[Saved entries]
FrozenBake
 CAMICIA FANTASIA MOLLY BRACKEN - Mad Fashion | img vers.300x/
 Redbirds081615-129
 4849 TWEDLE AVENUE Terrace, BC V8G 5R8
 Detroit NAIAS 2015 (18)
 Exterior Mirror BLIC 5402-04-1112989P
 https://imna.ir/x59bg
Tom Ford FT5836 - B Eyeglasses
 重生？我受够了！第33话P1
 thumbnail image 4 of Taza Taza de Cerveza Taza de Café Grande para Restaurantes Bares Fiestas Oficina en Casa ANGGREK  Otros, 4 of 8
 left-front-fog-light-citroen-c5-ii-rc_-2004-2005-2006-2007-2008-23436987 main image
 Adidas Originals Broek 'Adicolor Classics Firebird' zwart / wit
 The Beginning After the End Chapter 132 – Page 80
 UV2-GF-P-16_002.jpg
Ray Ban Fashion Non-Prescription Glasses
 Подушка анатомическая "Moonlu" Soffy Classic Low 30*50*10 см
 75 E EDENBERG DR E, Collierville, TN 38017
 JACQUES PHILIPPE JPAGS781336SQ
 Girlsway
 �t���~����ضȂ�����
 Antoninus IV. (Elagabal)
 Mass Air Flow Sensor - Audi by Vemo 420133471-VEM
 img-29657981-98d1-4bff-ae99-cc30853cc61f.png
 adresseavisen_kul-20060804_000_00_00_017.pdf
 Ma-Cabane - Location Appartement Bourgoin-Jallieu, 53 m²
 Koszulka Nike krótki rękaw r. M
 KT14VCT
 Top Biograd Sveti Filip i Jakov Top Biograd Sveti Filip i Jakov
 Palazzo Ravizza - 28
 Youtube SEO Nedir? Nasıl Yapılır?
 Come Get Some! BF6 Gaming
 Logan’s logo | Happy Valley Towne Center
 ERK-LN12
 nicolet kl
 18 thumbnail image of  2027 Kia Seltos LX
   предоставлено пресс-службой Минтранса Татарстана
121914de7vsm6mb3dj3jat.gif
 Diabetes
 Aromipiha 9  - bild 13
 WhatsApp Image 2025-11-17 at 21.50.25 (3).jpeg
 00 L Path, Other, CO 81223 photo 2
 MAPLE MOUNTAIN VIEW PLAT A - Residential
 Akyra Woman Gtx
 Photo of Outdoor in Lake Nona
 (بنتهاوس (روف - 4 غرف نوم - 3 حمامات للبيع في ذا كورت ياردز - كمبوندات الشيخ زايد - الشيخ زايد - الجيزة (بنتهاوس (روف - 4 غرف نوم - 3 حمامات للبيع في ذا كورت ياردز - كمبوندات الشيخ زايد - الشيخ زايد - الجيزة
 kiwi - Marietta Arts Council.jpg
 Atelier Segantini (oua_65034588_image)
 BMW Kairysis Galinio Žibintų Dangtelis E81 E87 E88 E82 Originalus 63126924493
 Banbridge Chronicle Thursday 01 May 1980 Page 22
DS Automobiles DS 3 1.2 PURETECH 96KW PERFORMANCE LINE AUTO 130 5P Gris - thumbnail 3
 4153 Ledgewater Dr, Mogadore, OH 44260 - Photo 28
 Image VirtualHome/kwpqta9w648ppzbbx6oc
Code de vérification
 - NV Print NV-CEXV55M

WHAT NEEDS TO BE DONE ::
Output the line containing "Banbridge Chronicle Thursday" together with all later lines of the entries, exactly as written, through the final line.

EXPECTED OUTPUT ::
 Banbridge Chronicle Thursday 01 May 1980 Page 22
DS Automobiles DS 3 1.2 PURETECH 96KW PERFORMANCE LINE AUTO 130 5P Gris - thumbnail 3
 4153 Ledgewater Dr, Mogadore, OH 44260 - Photo 28
 Image VirtualHome/kwpqta9w648ppzbbx6oc
Code de vérification
 - NV Print NV-CEXV55M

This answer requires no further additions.